Short text fragments from websites
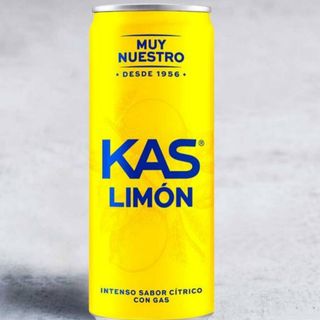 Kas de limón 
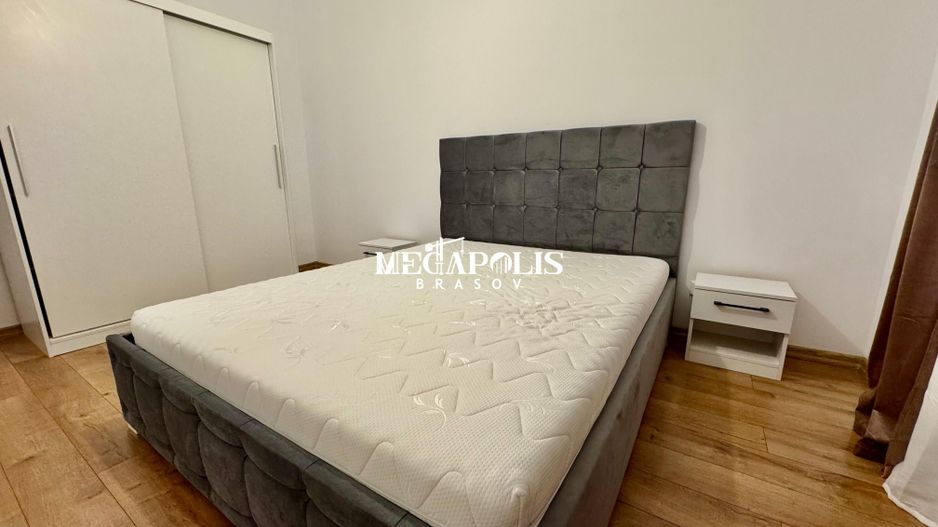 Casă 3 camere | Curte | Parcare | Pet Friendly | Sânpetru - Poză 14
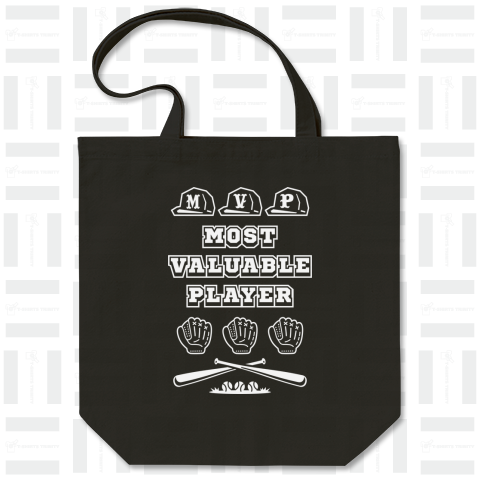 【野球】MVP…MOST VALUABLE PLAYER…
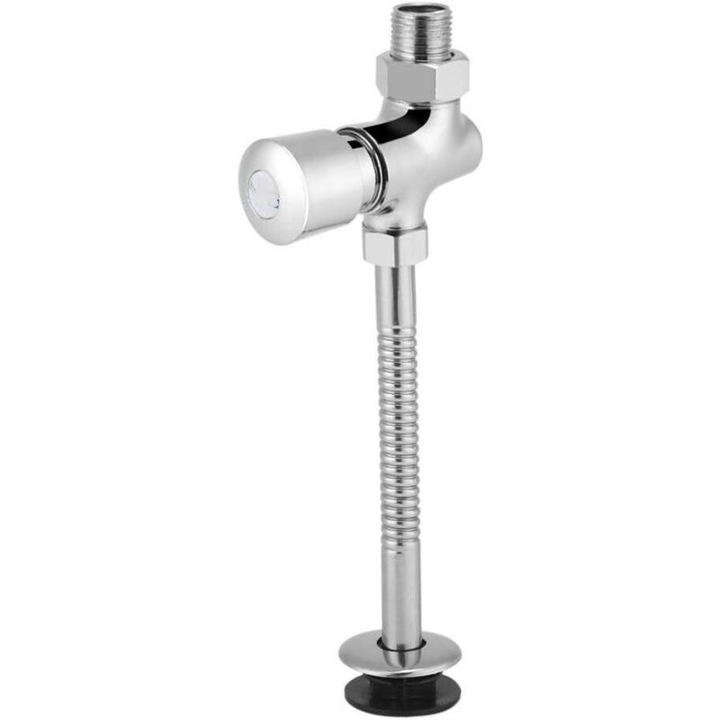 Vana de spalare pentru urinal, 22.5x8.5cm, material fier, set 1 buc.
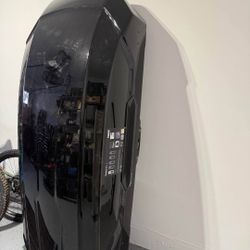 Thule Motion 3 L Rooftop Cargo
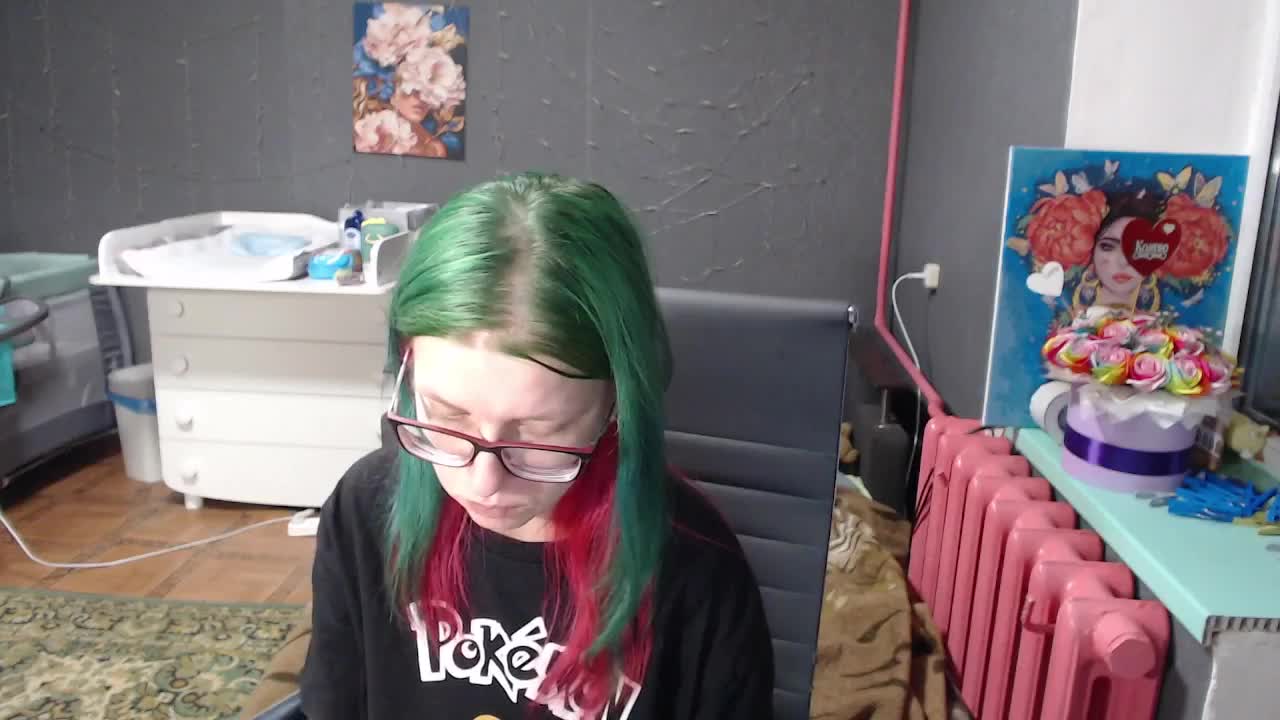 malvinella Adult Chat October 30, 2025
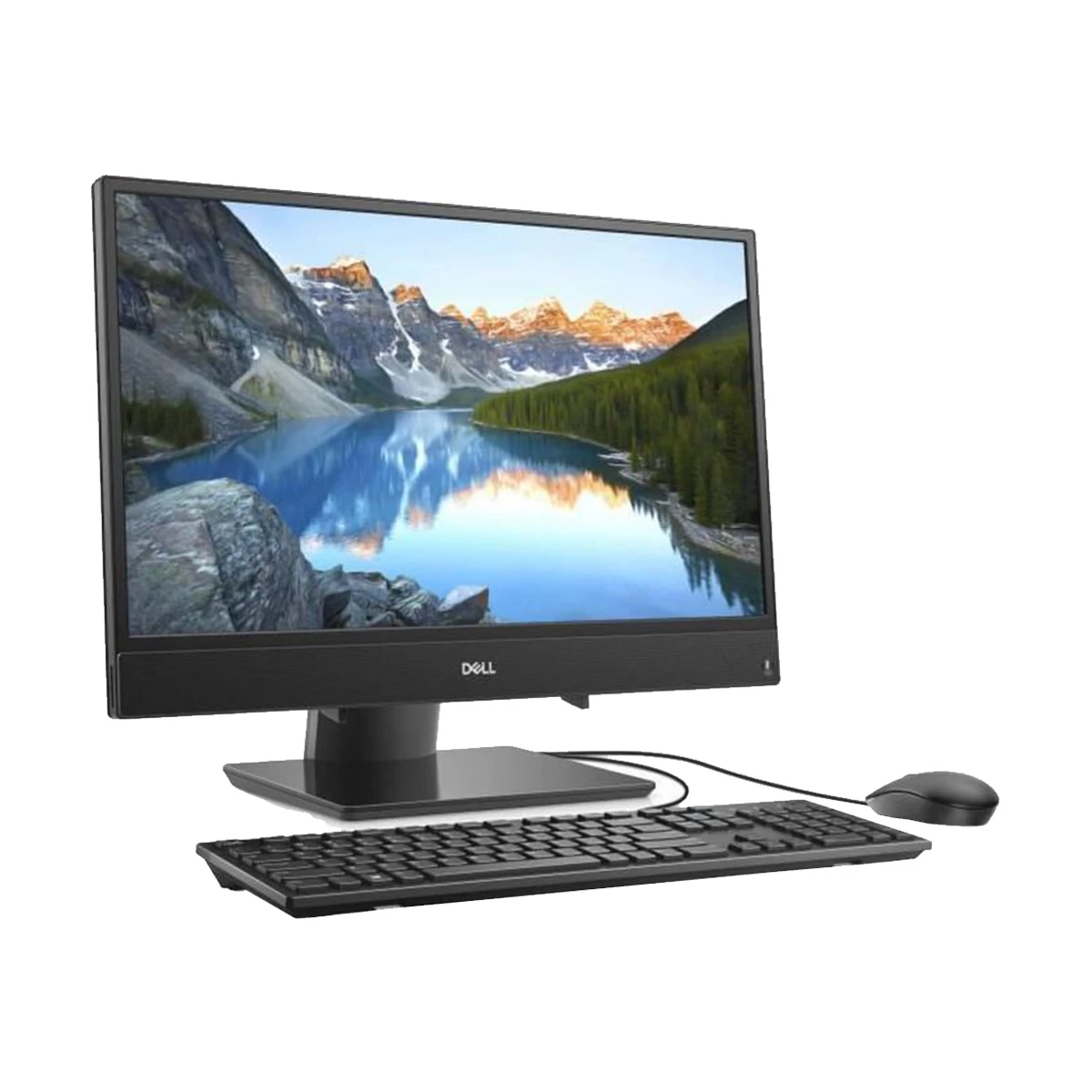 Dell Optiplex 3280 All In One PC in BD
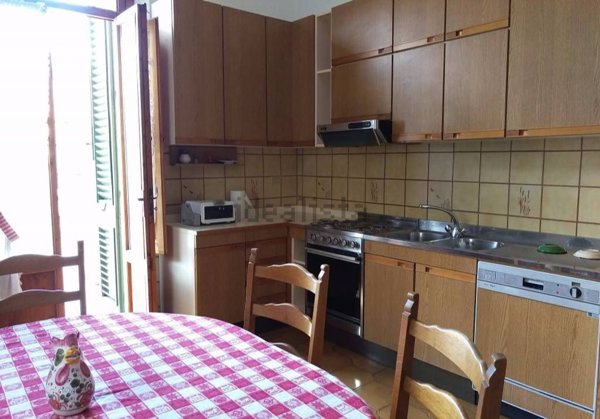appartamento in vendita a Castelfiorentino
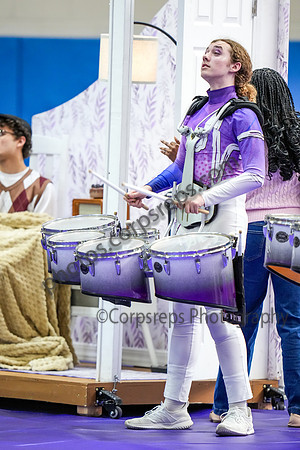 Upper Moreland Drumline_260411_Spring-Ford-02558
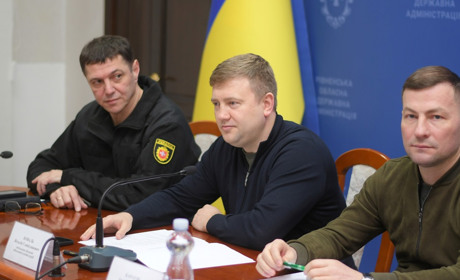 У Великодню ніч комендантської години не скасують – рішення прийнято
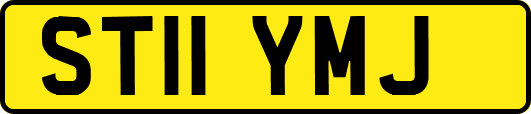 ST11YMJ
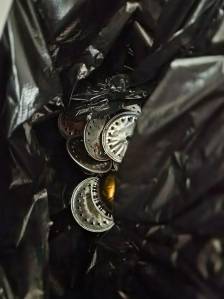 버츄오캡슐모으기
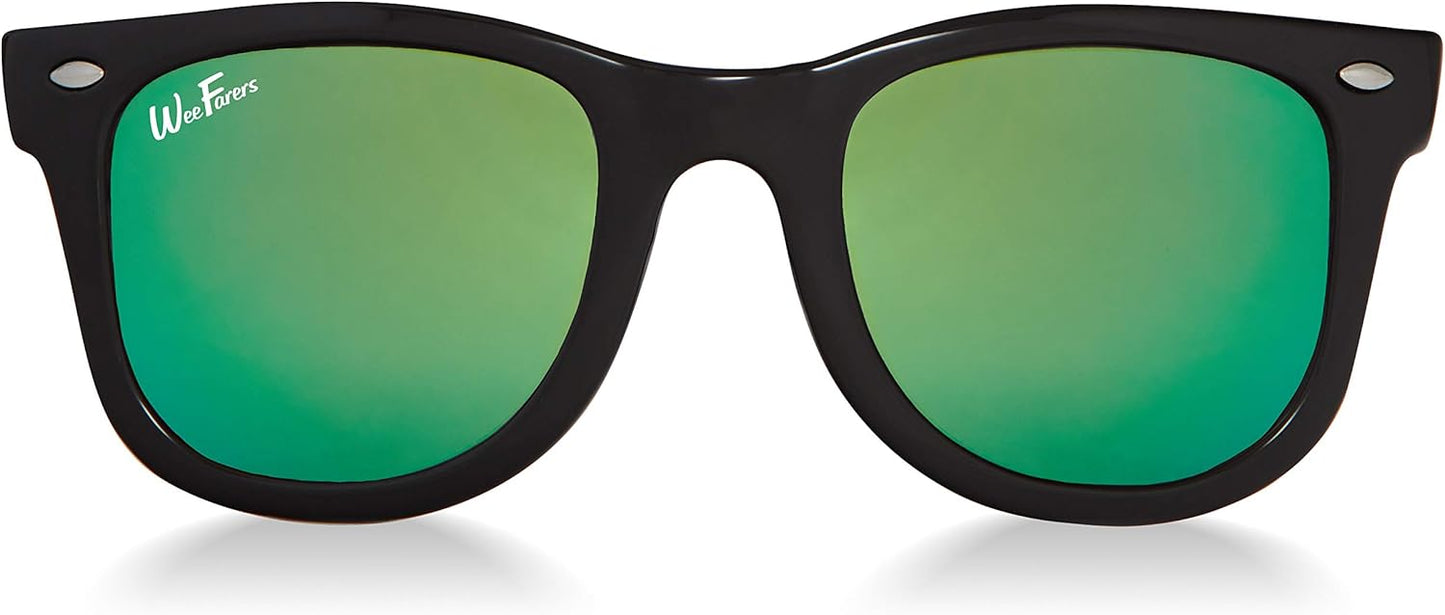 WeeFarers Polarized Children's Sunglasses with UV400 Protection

● Requirement
Please print the lines from the one holding "malvinella Adult Chat October 30, 2025" through the end of the records above, unchanged and with the pictures left out.

● Result of this task
 malvinella Adult Chat October 30, 2025
 Dell Optiplex 3280 All In One PC in BD
appartamento in vendita a Castelfiorentino
 Upper Moreland Drumline_260411_Spring-Ford-02558
 У Великодню ніч комендантської години не скасують – рішення прийнято
 ST11YMJ
 버츄오캡슐모으기
 WeeFarers Polarized Children's Sunglasses with UV400 Protection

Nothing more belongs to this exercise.